- To do
All entries must be given again exactly as written.

- Exercise data
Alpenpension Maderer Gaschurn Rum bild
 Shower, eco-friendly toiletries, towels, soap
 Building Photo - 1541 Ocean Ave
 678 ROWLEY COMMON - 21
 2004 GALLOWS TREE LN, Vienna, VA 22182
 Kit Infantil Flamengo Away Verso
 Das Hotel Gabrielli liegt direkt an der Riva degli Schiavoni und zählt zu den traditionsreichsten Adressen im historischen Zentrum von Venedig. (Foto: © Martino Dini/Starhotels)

- Answer for the task
Alpenpension Maderer Gaschurn Rum bild
 Shower, eco-friendly toiletries, towels, soap
 Building Photo - 1541 Ocean Ave
 678 ROWLEY COMMON - 21
 2004 GALLOWS TREE LN, Vienna, VA 22182
 Kit Infantil Flamengo Away Verso
 Das Hotel Gabrielli liegt direkt an der Riva degli Schiavoni und zählt zu den traditionsreichsten Adressen im historischen Zentrum von Venedig. (Foto: © Martino Dini/Starhotels)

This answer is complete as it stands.